Mongolia: the pink house of equities
January 27, 2011 4:06 pm
The world’s best-performing stock market last year was, of course, in an emerging economy. But rather than a steel-and-glass tower rising above a heaving megalopolis, it was in a cheerful pink former children’s cinema in Ulan Bator.
This is the Mongolian Stock Exchange, where share prices climbed 121 per cent in local currency terms in 2010 – more than any other market tracked by beyondbrics – and have jumped another 50 per cent this year.

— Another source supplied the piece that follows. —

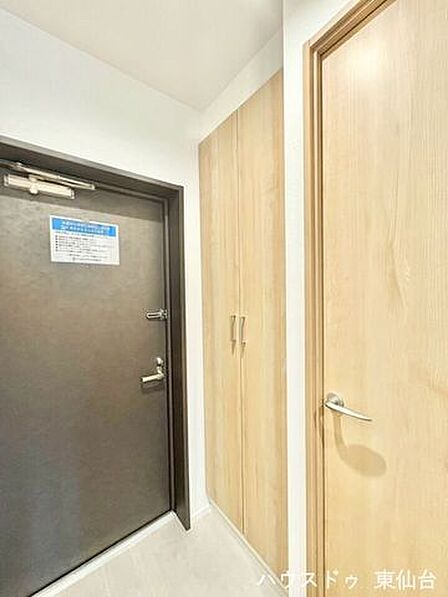 靴も小物もすっきり収まる、収納力のある玄関スペース。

The exchange has 340 or so listed companies, 45 brokers, and sees turnover of about $200,000 on a fast day. Mongolia itself has vast untapped reserves of coal, copper and gold, and because the exchange is open to foreign investment – unlike those in neighboring China – the Soviet-styled cinema house has become a focal point for investors betting that China’s growth will continue to fuel a commodities supercycle throughout the region.

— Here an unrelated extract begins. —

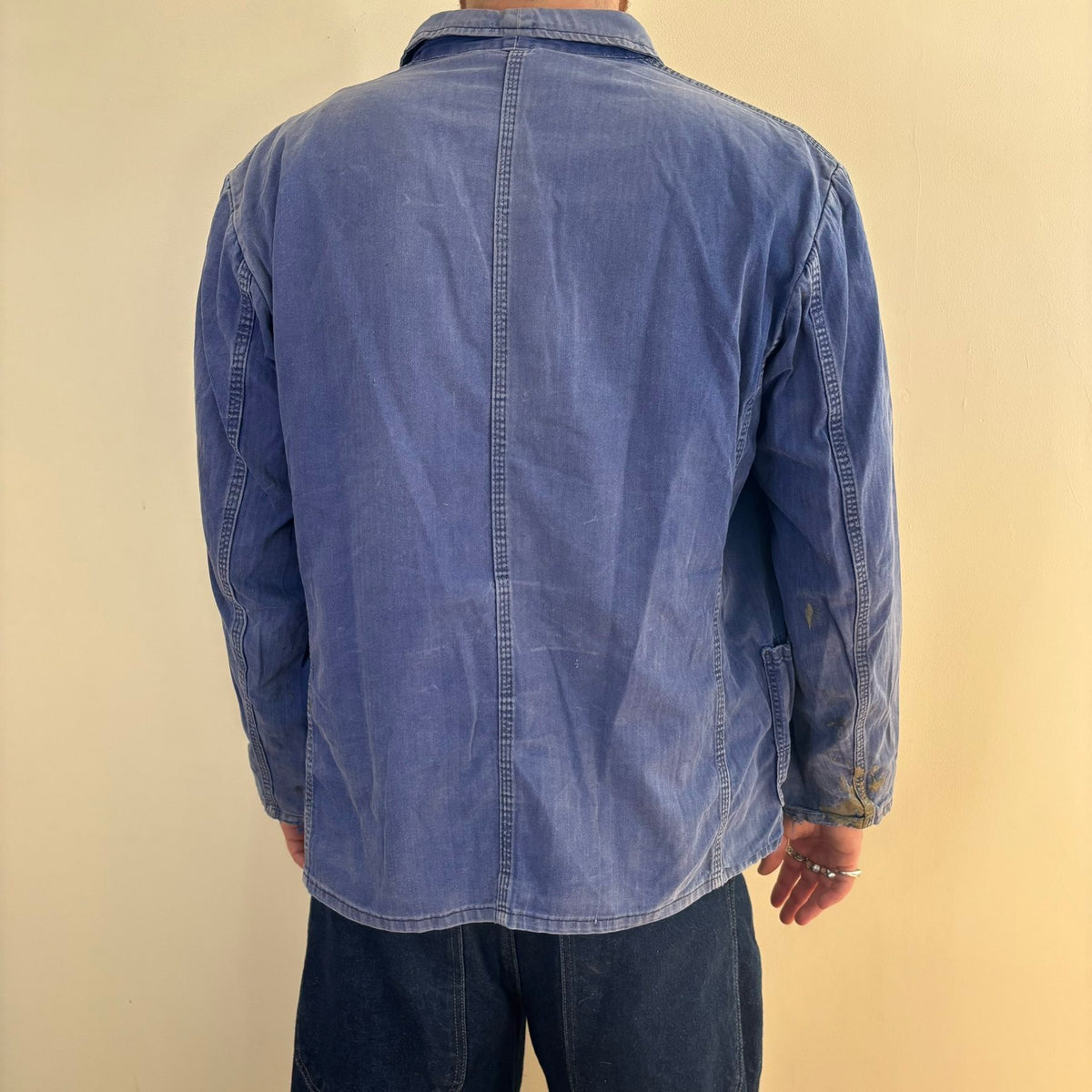 Bücking blue chore jacket faded herringbone twill with tulip emblem patch pocket.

Total capitalisation is now $1.4bn—or roughly one-fifth of Mongolia’s GDP (official GDP data for 2010 hasn’t come out yet).
Driving this growth has been an inflow of new capital, say investors, primarily from foreign funds that are looking to increase their exposure to the Mongolia story.

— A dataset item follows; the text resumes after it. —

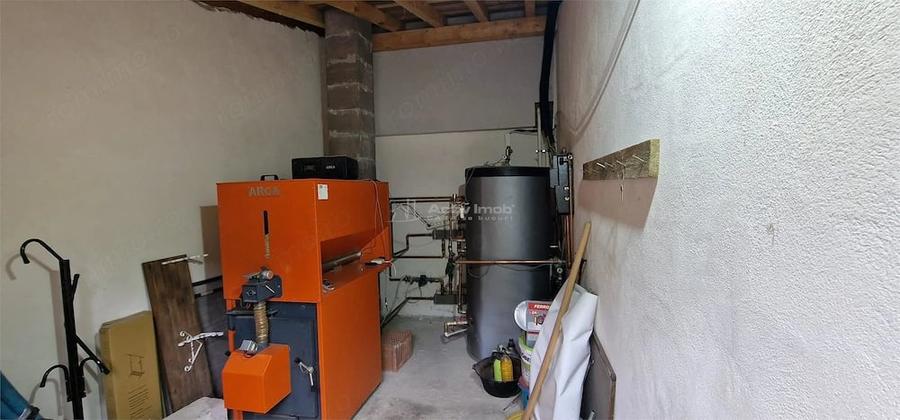 Casă cu Teren 878 Mp în Văliug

“We’ve been getting a lot of orders over the last month from our clients and pushing [the exchange] up,” says Lee Cashell, chairman of Asia Pacific Investment Partners, a Mongolia-focused investment group. Because of the small volumes on the exchange, “when you get up to a million USD you can really move the market.”
Anticipating enormous copper and gold revenues over the next decade the Mongolian state is building infrastructure to cope with rising investment.
While this includes physical infrastructure in the form of roads and railways, financial infrastructure is also an important project for the technocratic government.
Mongolia’s prime minister has over the past year repeatedly stressed the need to deepen the capitalisation of the stock exchange, in part through privatising state-owned assets and listing them on both the Hong Kong and the Mongolian exchange.
Sardor Koshnazarov, head of research for Eurasia Capital, says: “Fresh capital and new investors, both institutional and individuals, are coming into the Mongolia equities markets. . . we will not be surprised if Mongolia keeps its title [as best performing stock market] for the whole year again.” According to some analysts, foreign investment accounts for between 10 and 30 per cent of the value of the exchange.
So is Ulan Bator the next big bubble? Not according to Cashell. “It’s not that the stock market is a bubble, it’s more that there is a bottleneck there,” he says, citing the lack of new issuance during the last 18 months. “There is not a lot for sale right now because people expect that prices will continue to go up this year,” he explains.
The exchange could be getting an overhaul soon thanks to a partnership agreement with the London Stock Exchange. In Ulan Bator, traders are already buzzing about the idea of a 24-hour exchange linked with London traders that could boost liquidity in the market. But for now, the pink house seems to be doing just fine.